We began by asking practitioners to tell us what they wanted in an online survey which closed on 2 November, and were pleased to gather the thoughts of over 1600 respondents. The response helped us to begin to shape the guidance to meet the needs of the sector.
There were endorsements for building on Development Matters (2012), updated and improved to reflect current evidence and practice expertise. It also pointed out some of the most difficult areas to resolve, on which we are continuing to consult.
You can read a detailed breakdown of the questions and responses.
Here is what we heard from the survey, and how we are responding:
- The EYFS Principles should provide the structure for the guidance.
We drafted the expanded guidance under the principles of A Unique Child, Positive Relationships, Enabling Environments, and Learning and Development, to support understanding of important elements of early years pedagogy.
- More guidance is needed on play and the Characteristics of Effective Learning.
We developed expanded sections on both play and the Characteristics of Effective Learning, and on the adult role in both. We are also developing examples of the CoEL in action, to be woven through the grids for areas of learning and development.

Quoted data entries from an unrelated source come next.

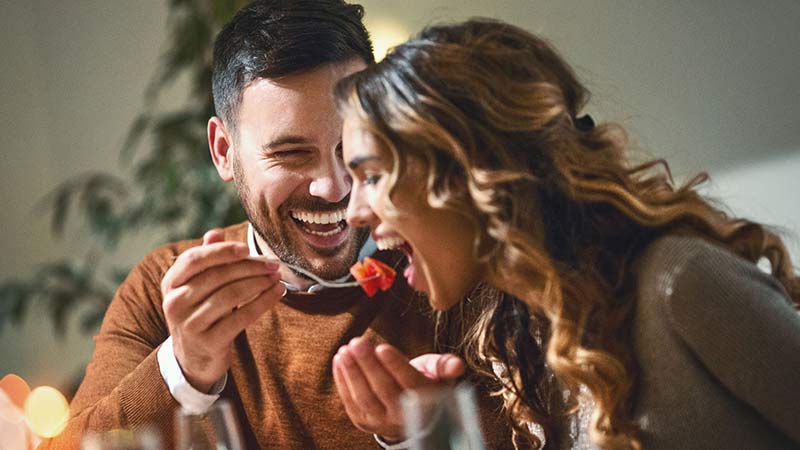 Man feeding a woman some food. Man feeding a woman some food.
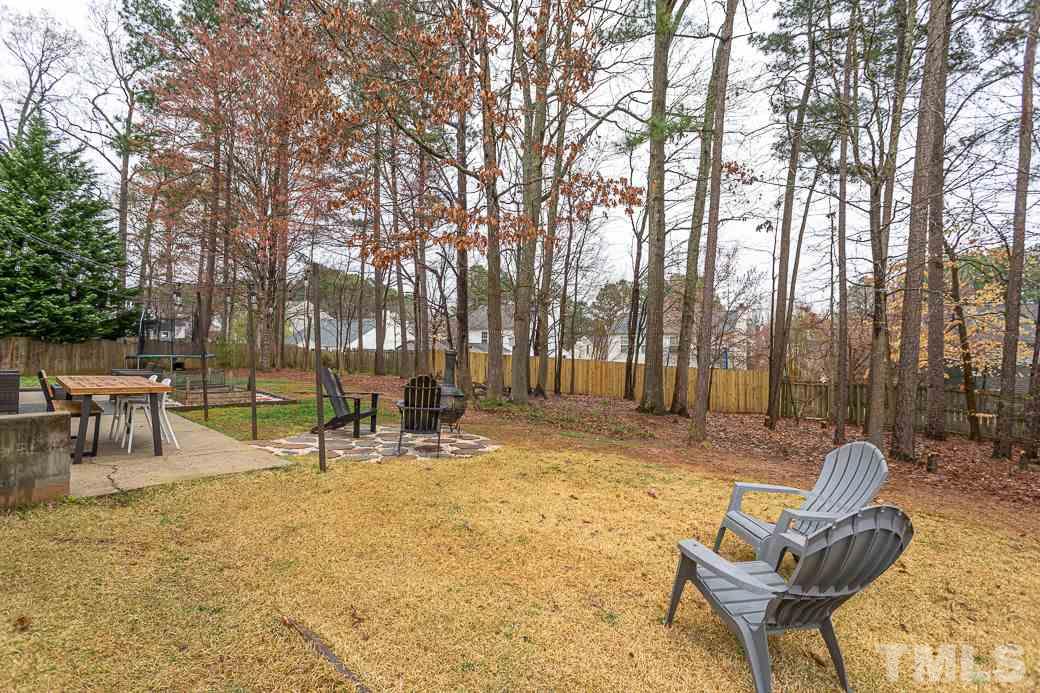 9312 Copernicus Court Raleigh, NC 27617 - Photo 28 of 30 Large fenced back yard.
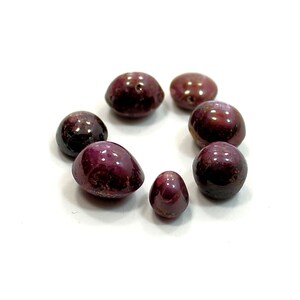 Peut inclure: Un ensemble de perles de pierres précieuses polies, rouge foncé, disposées en cercle. Les perles varient en taille et en forme, avec une surface brillante et des inclusions visibles. Idéal pour la création de bijoux.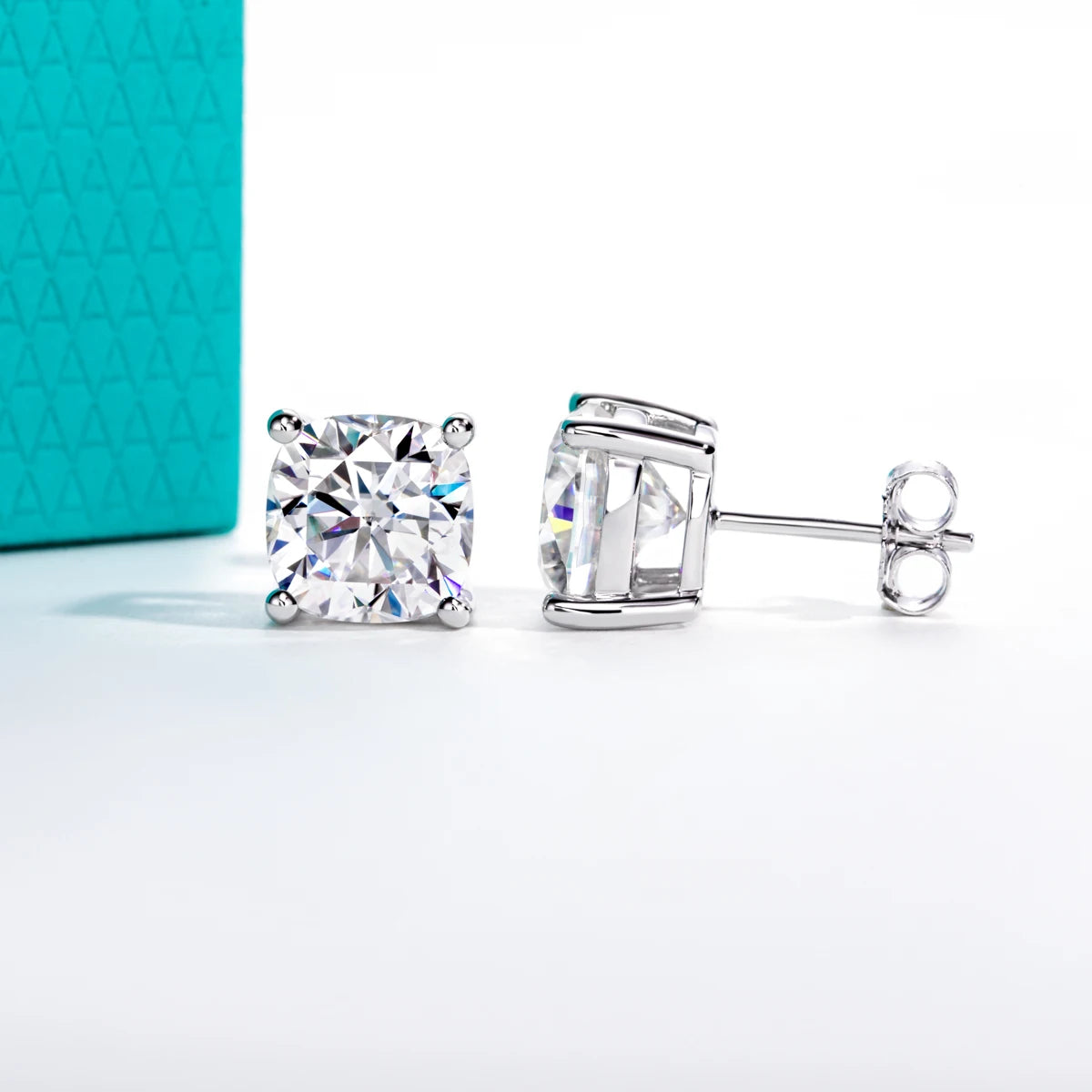 Pair of silver stud earrings with clear gemstones on a light gray background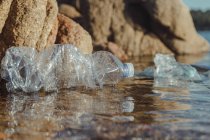 Resíduos de garrafas enrugadas de plástico vazios deitados em água limpa à beira-mar perto de rochas — Fotografia de Stock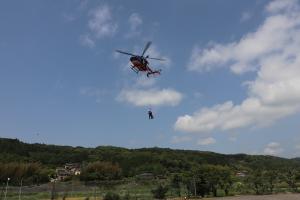 消防隊員が防災航空隊員と共に降下している画像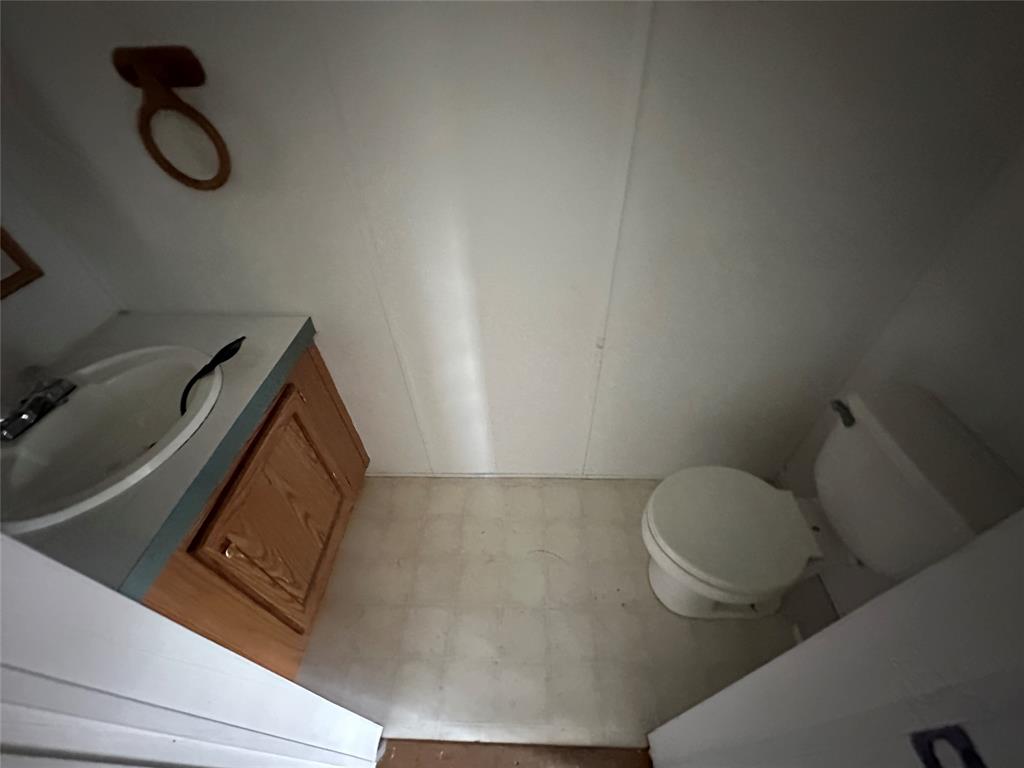 230 Largo Street Bonham, TX 75418 - Photo 22 of 34 a bathroom with a toilet and a sink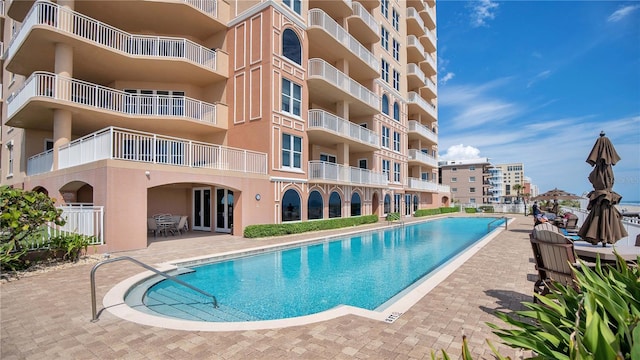 view of pool featuring a patio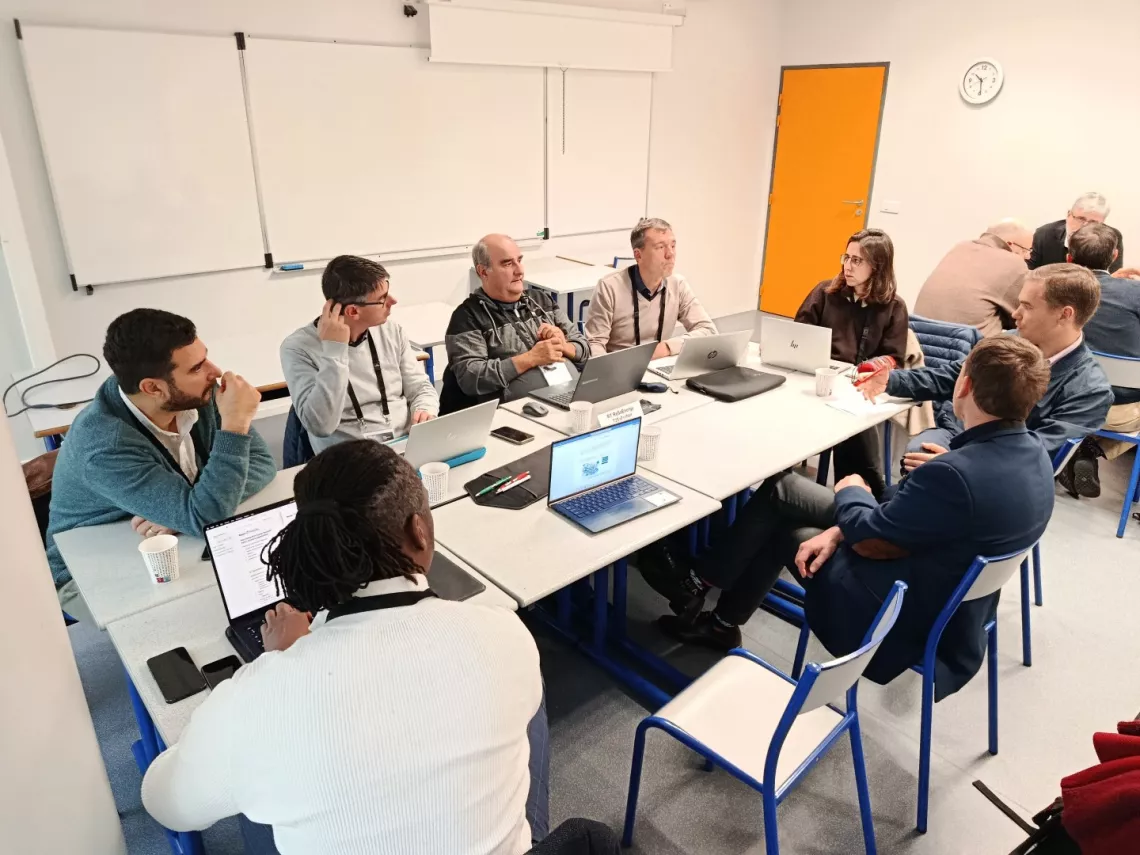 Praca w grupie w czasie spotkania ECIU Research Labs. Kilka osób siedzi przy stole, mając otwrte przed sobą laptopy.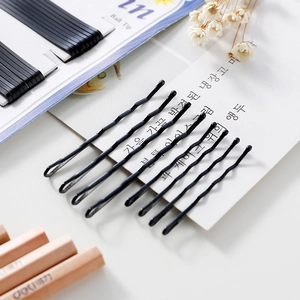 Set of wavy black metal hair pins with ball tips on card for secure hairstyling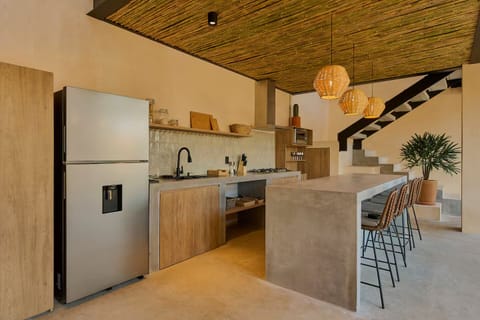 Suite, Balcony, Pool View | Shared kitchen | Fridge, microwave, oven, espresso maker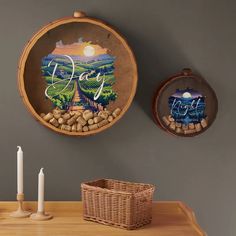 two wall hangings on the side of a table with wine glasses and candles in front of them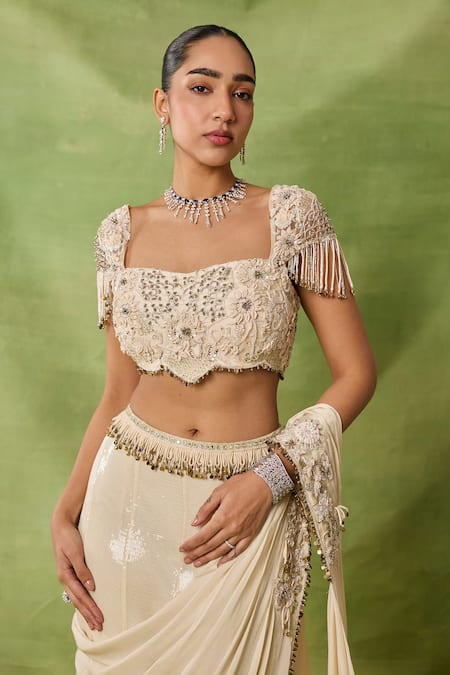 Buy_Awigna_Ivory Silk Sequins, Beads, Tassels Zahira Embroidered Blouse And Draped Saree Set _Online_at_Aza_Fashions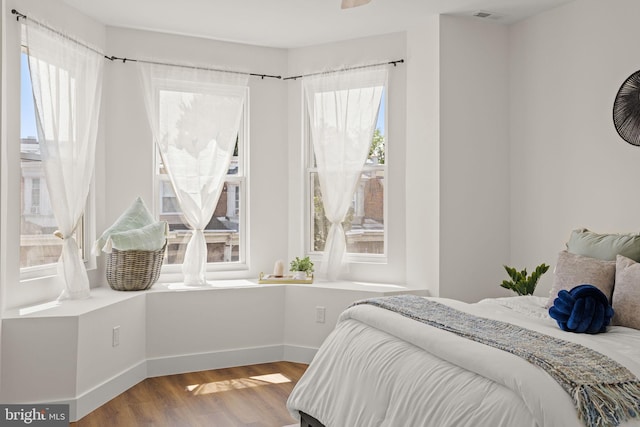 bedroom with hardwood / wood-style floors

- Illustrating typical developmental progression is helpful, especially for new or less qualified practitioners, but it should not be prescriptive.
We are providing pathways for all the areas of development and learning, while all the guidance emphasises that these are examples of overall progression, while individual children will follow their own directions and rates.
- The guidance should support observation, assessment and planning without being used as a checklist.
We have developed expanded guidance on formative assessment, and emphasise that learning is complex and different for each child so a checklist approach is wrong. The format may encourage thinking about what the child is learning, rather than matching to a statement or band.
- The guidance should support periodic assessment of progress with best-fit bands.
We have maintained bands which can be used for periodic summative assessment, loosely linking to typical ages in a best-fit approach. Guidance on best-fit judgements and using the information will be available.
- Additional resources would be used for CPD.
We are planning for a wide range of additional resources and references to be available on our website, linked from an online version of the guidance.
- More information/support is needed on SEND and EAL.
We will have input from our specialist Working Group for SEND on supplying online guidance and resources; have new guidance on families and communities and will provide further online guidance on EAL.
- More emphasis should be placed on wellbeing.
We have highlighted emotional and physical wellbeing throughout, and reviews by Working Groups are ensuring this is woven through all areas of guidance.
- Keep the existing strands within the Areas of Learning and Development.
We retained the strands, including Space, Shape and Measure and Technology; where these are different from revised ELGs (2021), the links have been identified.
- Age/stage identification is helpful, but many are concerned about prescriptive age expectations.
We are continuing to consult on a revised format for presenting developmental trajectory alongside typical ages, to support understanding of overall progress while putting less emphasis on links to ages.
- There is a need to update and improve descriptors in the Areas of Learning and Development.
We have appointed specialist Working Groups of practitioners and academic experts, who are reviewing and updating all the descriptors.
- Don’t change too much.
We are maintaining the basic format of Unique Child, and adult role under Positive Relationships and Enabling Environments; we are making changes only where we have research or practice evidence that it is an improvement.